Posted May 23, 2012 4:03 UTC (Wed) by bradfitz (subscriber, #4378) [Link]

I'm not sure you can quote any part of that blog post to adequately capture the awesomeness of that exploit.

A Tale of Two Pwnies (Part 1)

Posted May 23, 2012 6:44 UTC (Wed) by JoeBuck (subscriber, #2330) [Link]

Yes, it goes to show that even the most minor security bugs can't be ignored (as in: we can ignore the hole in sandbox A, because it only gets you into sandbox B so you're still contained). Many exploits have at least two steps: first trick a user into running a command as that user, then escalate using some local root exploit. But six steps is very impressive, and helps to show the limits of multi-layer security: you only have to break in one level at a time.

A Tale of Two Pwnies (Part 1)

Posted May 23, 2012 8:04 UTC (Wed) by job (guest, #670) [Link]

Also, you get a glimpse of just how complicated a web browser is these days. Seriously, downloading insecure machine code and just executing it? Downloading shaders into the GPU?

Piling complex stuff on top of each other and trying to get it secure sounds like building a fail safe space shuttle. No matter how hard you try there's always going to be some combination of valves that gets you an unexpected outcome.

Mindblowing exploit though. Seriously humbling. There is nothing to make me doubt my own competence more than reading about what is likely some insanely hard work by a complete genius.

A Tale of Two Pwnies (Part 1)

Posted May 23, 2012 9:40 UTC (Wed) by epa (subscriber, #39769) [Link]

Yes, it goes to show that even the most minor security bugs can't be ignored
Amen to that. And let's hope everyone remembers this example next time we get more nonsense arguments about how security bugs aren't special, and can be treated the same way as any other bug, etc etc.

A Tale of Two Pwnies (Part 1)

Posted May 23, 2012 10:19 UTC (Wed) by ms (subscriber, #41272) [Link]

Is not the point of this that every bug, no matter how innocuous it might appear has the potential to be used as part of a wider sequence of bugs to build security exploits? In which case every bug is potentially a security bug.

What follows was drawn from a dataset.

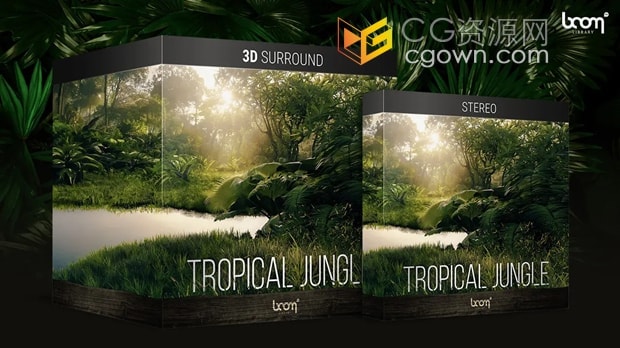 沉浸式丛林和雨林环境氛围3D立体声无损音效素材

Maybe we're just strenuously agreeing here...?

A Tale of Two Pwnies (Part 1)

Posted May 23, 2012 10:40 UTC (Wed) by mpr22 (subscriber, #60784) [Link]

All bugs in programs exposed to untrustworthy input are security bugs unless provable otherwise.

Trustworthy input?

Posted May 23, 2012 12:00 UTC (Wed) by man_ls (subscriber, #15091) [Link]

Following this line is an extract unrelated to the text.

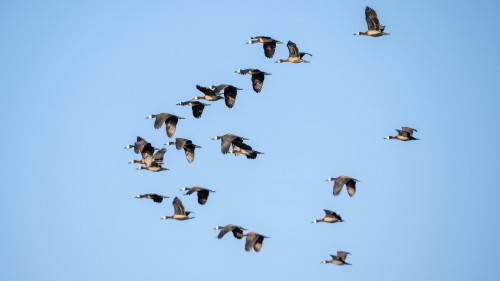 White-faced whistling duck   (Klicken zum öffnen)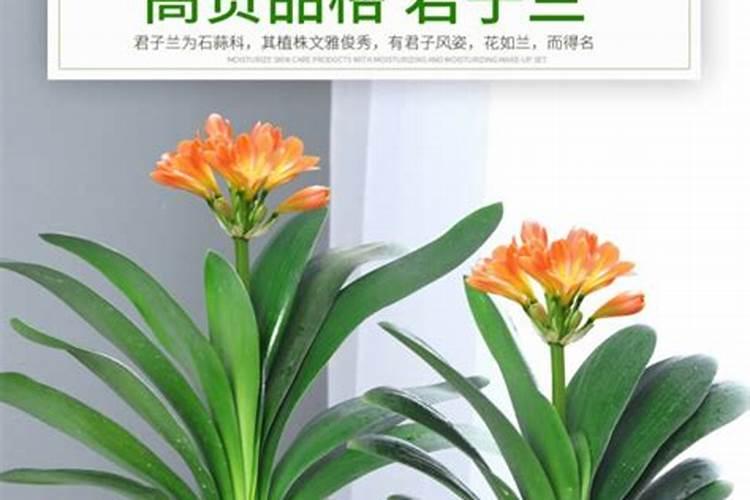 盆栽放复合肥多了会死吗,一盆君子兰用几粒复合肥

Your statement is harder than it looks: all input is untrustworthy unless proved otherwise.

Trustworthy input?

Posted May 23, 2012 12:16 UTC (Wed) by mpr22 (subscriber, #60784) [Link]

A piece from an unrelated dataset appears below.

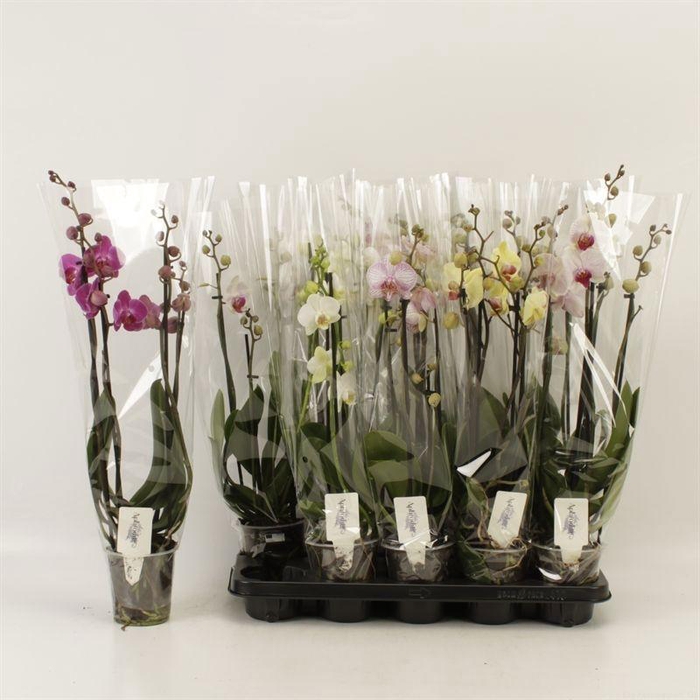 <h4>PHAL GEM 5 KL</h4>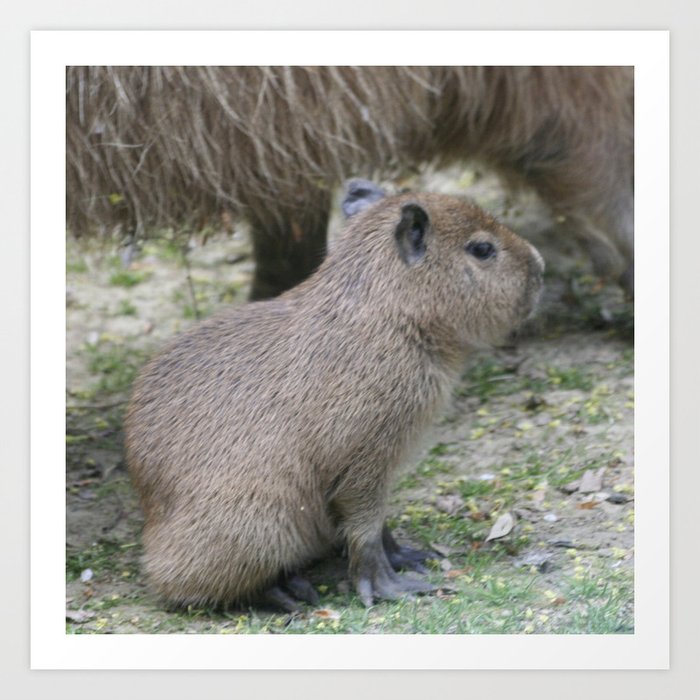 Capybara Animal Print Modern Kids Art Unique Baby Gift Animals in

Your statement regarding the trustworthiness of input is a true and useful counterpart to my statement about bugs; thank you.

Trustworthy input?

Posted May 25, 2012 10:26 UTC (Fri) by bricef (guest, #80336) [Link]

Conclusion: All bugs are security bugs unless your program takes no input.

Trustworthy input?

Posted May 25, 2012 10:42 UTC (Fri) by man_ls (subscriber, #15091) [Link]

A heuristic refinement of your statement would be: confine processing of user input to a specific module inside your program, and treat bugs in that module as security bugs. The remaining bugs should have lower priority (but they might also be security bugs if the input module doesn't do a good job).

A Tale of Two Pwnies (Part 1)

Posted May 23, 2012 11:21 UTC (Wed) by ovitters (subscriber, #27950) [Link]

You don't always know if something is a security bug. Something which might just fix a compiler warning (unsigned comparison) might actually result in an exploit.

As long as you cannot easily tell that something is a security bug, you should focus on all bugs. Because in all those normal bugs might lie various security bugs as well.

Are they using the right technology?

Posted May 23, 2012 12:41 UTC (Wed) by NAR (subscriber, #1313) [Link]

It's 2012. Why is a security critical application written in a language that tolerates integer overflow/underflow? Not to mention buffer overflow? Is performance so critical on today's hardware that we can't afford a runtime environment that checks for these kind of stuff? In my experience most of the waiting during browsing comes from network latency and no amount of hacking in the browser can make that faster... OK, the browser startup is also slow, but that depends on disk and I/O speed mostly.

Are they using the right technology?

Posted May 23, 2012 13:03 UTC (Wed) by mpr22 (subscriber, #60784) [Link]

Because if you ask ten different programmers which safe language should be the ubiquitous successor to $UBIQUITOUS_UNSAFE_LANGUAGE, you'll get ten different answers probably including "my completely perfect language that has never been used for any real-world application except its own compiler and in which you need a PhD to write 'Hello World'", "none of them because if you need a safe language to write safe programs you shouldn't be allowed to program", and conceivably "none of them because no programming language should be allowed to achieve ubiquity".

Are they using the right technology?

Posted May 23, 2012 13:22 UTC (Wed) by NAR (subscriber, #1313) [Link]

And how is that relevant to my comment? The Chrome team could use one language that can avoid buffer overflows and integer overflows/underflows. There are decades old technologies out there with millions of users, making millions of dollars, just choose one. Or invent one (it's not like Google didn't create a language before). It doesn't have to be the "right for all cases" language, it just has to be able to avert these silly mistakes.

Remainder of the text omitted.